Tuesday, December 26, 2017

IBAB, Lakshmi Mittal South Asia Institute, Harvard University (SAI) Hosted a Two-Week Course on Genomics in Healthcare and Translational Research

From over 220 applications, 25 undergraduate, graduate and doctoral students from across India were selected to participate in a residential two-week hands on workshop in ‘Genomics in Healthcare and Translational Research’ from December 10-23, 2017. This workshop was under the aegis of the B4 (Boston Bangalore Biosciences Beginnings) Program, funded by the Department of Biotechnology, Government of India, and supported by the IT/BT Department, Government of Karnataka.

B4 aims to build a scientific research corridor by engaging scientists from India and Harvard through exchange programs. Its two projects are the Science & Technology Fellowship (B4) Program in Boston and the Young Scientist Development Courses held in Bangalore. The B4 program was led by Professor Venkatesh Murthy, Harvard University, and is coordinated by Savitha Ananth, SAI.

The aim of the Genomics workshop was to “introduce talented Indian students to the emerging area of genomics and enable them to explore the power and excitement of Next Generation Sequencing technologies to address clinically relevant research questions,” said Professor M.Vijayalakshmi, IBAB, who was instrumental in developing the curriculum for the workshop.

Genomics and Next-generation Sequencing technologies have influenced scientific research and medicine significantly, which has made a striking impact on healthcare and translational medicine over the last decade. The capability to sequence DNA at higher speeds with precision and resolution unravels several dimensions of the complex genome and enhances the applicability of genomic information in personalized medicine. 

There is an acute shortage of cutting-edge training courses that focus on both aspects of Next Generation Sequencing (NGS); generation of genomic data through sequencing, and the analysis of sequencing data. The disease patterns specific to the Indian subcontinent and the mutant profiles of Indian patients have not been explored systematically in the case of several diseases. This underlines the need for focussed training to a large number of student researchers and clinicians to bridge the existing gap between academic and clinical research.
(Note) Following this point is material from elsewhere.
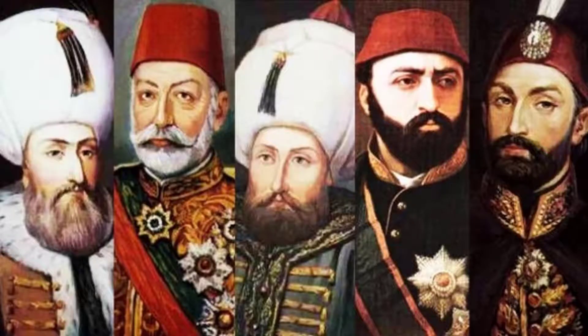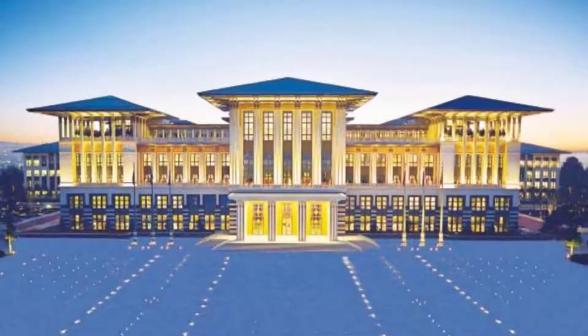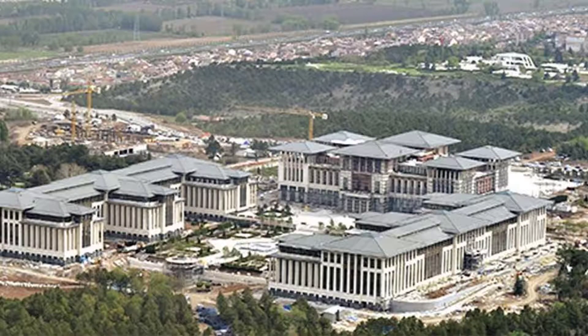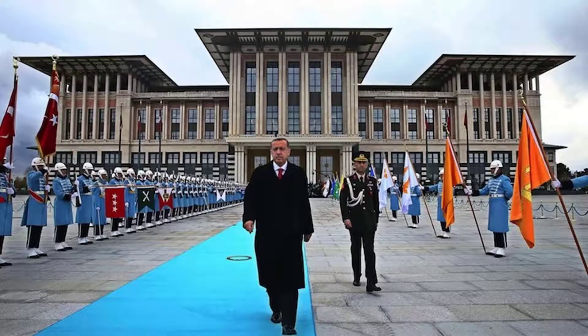I wanted to start with what could be considered new palaces. The first one is Beştepe, which means something like White House. This palace is in Ankara and has more than 1000 rooms. They are spending more than 10 million Turkish liras every day, and this amount is increasing day by day — meaning just this palace has more than a 700 million dollar budget for a year. That's a huge amount.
Such trainings will not only equip clinicians with newer ways of addressing health care but also create employment opportunities for trained personnel in scientific research laboratories and hospitals across India.
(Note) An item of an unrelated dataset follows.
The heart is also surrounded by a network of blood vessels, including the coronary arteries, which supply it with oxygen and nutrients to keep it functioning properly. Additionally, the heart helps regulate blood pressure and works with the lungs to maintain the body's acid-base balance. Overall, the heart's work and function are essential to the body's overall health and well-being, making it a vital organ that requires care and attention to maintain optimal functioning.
Distinguished faculty and postdoctoral fellows from institutions such as Boston University, Harvard, Broad Institute, Boston, ACTREC (Mumbai), IGIB (Delhi), CCMB (Hyderabad), IISC and NCBS (Bangalore) trained the participants on both the experimental aspects of genomic sequencing & computational analysis of sequencing data through didactic research lectures and hands-on sessions. The workshop concluded on December 23 with a panel discussion on ‘Genomics - Trends and Opportunities’.  

Following the workshop was the valedictory event of the first phase of B4. The keynote address was delivered by Dr. VijayaRaghavan (Secretary, DBT) who highlighted the current and future study and practice of Bio Sciences in India. He emphasized the need to build a science-based ecosystem that is sensitive to the nation’s needs.
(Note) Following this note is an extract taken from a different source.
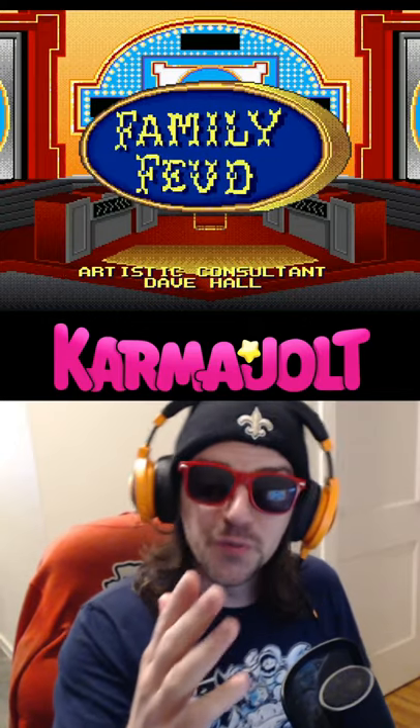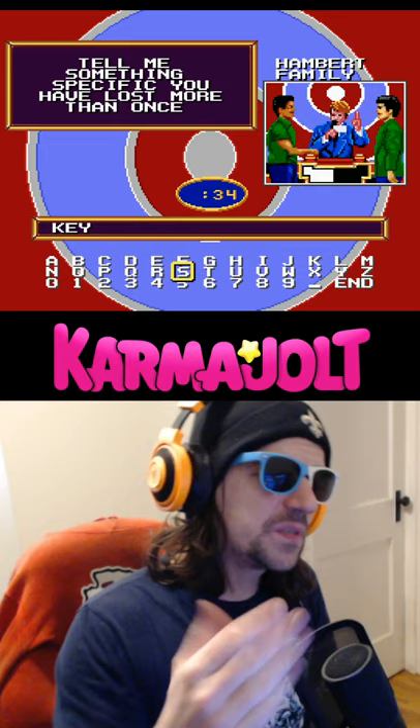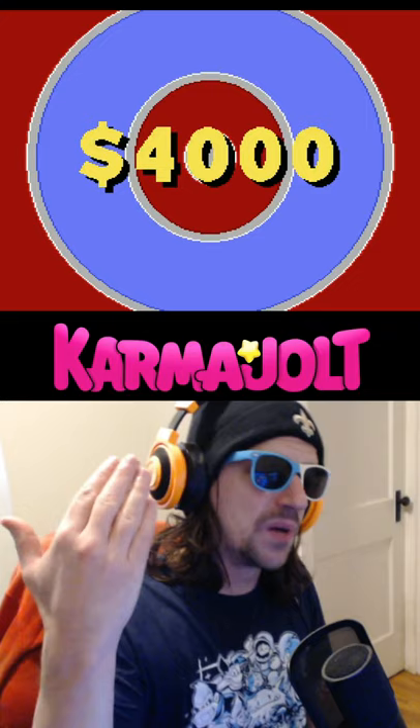This stupid exploit makes the game a thousand times more fun. In Family Feud for the SNES, the way the game accepts correct answers is a little bit weird. For this specific question, it asks me: tell me something specific that you have lost more than once. So my response is keys, and that wins me $4,000.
Dr. Vijay Raghavan’s talk was followed by a panel moderated by Prof. Venkatesh Murthy, Chair of Molecular & Cellular Biology, Harvard University, Boston and lead faculty of the B4 Program. The discussion focused on the impact of the program in India. Panelists included Aditya Murthy, Faculty from IISC, and three B4 fellows, Parvathi Sreekumar, Ramya Purkanti, and Gayatri Ramakrishnan, who have recently returned from a year at Harvard.

The closing vote of thanks was delivered by Prof. N. Yathindra, Director, IBAB. Who spoke of the value of the B4 Program for the young Indian scientists and the bridge created between academic institutions in the US and India. He also emphasized the value of translation of knowledge from academia to practice.